Bennett declared his desire to continue in politics, saying, "I am more determined than ever to continue to strive for a better Zimbabwe for all Zimbabweans, the current oppression cannot continue for much longer and sooner, rather than later, the people will assert their rights." He also said that if the opportunity arose and the people for Chimanimani asked him to, he would stand as their representative again.

==Subsequent developments==
During the MDC split over the proposed boycott of elections to the Zimbabwe Senate in 2005, Bennett sided with MDC President Morgan Tsvangirai in support of the boycott.

Bennett previously lived in South Africa as a refugee. His application for asylum was initially rejected by the South African Department of Immigration. After a court ruling by the South African Human Rights Commission, his asylum request was accepted on 13 May 2007. During his time in exile, he had an active role in activism for Zimbabwe and particularly the MDC in South Africa. In 2006 he became the treasurer general for the mainstream faction of the MDC led by Morgan Tsvangirai. He was also a spokesman in South Africa and made regular interviews on behalf of the MDC.

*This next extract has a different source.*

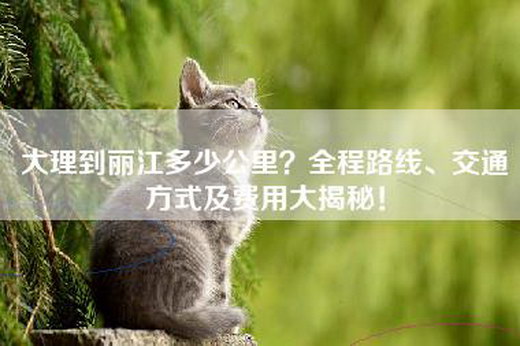 大理到丽江多少公里？全程路线、交通方式及费用大揭秘！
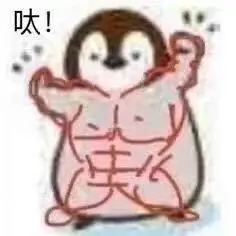 求一只小企鹅的腹肌表情包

During Robert Mugabe's 84th birthday celebrations at the border area of Beitbridge before the 2008 election, Roy Bennett led a demonstration on the South African side of the border against the president:

We are gathered here after many years of suffering, while across the river, after 28 years, a man who is now 84 years old, is having a birthday party. A birthday party while everybody around him is starving and dying. There's no electricity, there are no roads, there are no jobs, there's no education, there's no medical, there's nothing. He is spending 300,000 US dollars to have a birthday party.

==Return==
At the end of January 2009, after several years in exile, he returned to Zimbabwe to join a debate within the MDC to decide whether or not to agree to the power-sharing government with Mugabe. After the MDC ultimately agreed to share power with ZANU-PF, Morgan Tsvangirai designated Bennett as Deputy Minister of Agriculture on 10 February 2009. On 13 February, he was arrested again while trying to (legally) leave Zimbabwe on a private plane at Charles Prince Airport. He was brought to police stations in Goromonzi and Mutare on that day. He was charged with treason, and the MDC reported that he had been denied food in jail.

Charges were later replaced with those of "conspiring to acquire arms with a view to disrupting essential services". When a magistrate ordered Bennett to be released on remand, the magistrate himself was arrested because "he has passed a judgment that is not popular with the state", and was charged with criminal abuse of office. Bennett was released from prison on bail on 12 March 2009, but was ordered back on 14 October 2009. On 16 October 2009, Judge Hungwe instructed the prison to release Roy Bennett on his old bail conditions.

On Monday 10 May 2010, Roy Bennett was acquitted. On the day of his acquittal, fresh charges were brought against him by CID Law and Order detectives for illegally storing grain. As there were no grounds for these accusations, he was instead charged of perjury and contempt of court. After warrants for his arrest were issued, Roy Bennett lived in exile in South Africa after September 2010.

==Death==

Roy Bennett and his wife Heather died 17 January 2018 in a helicopter crash in Colfax County, New Mexico, USA.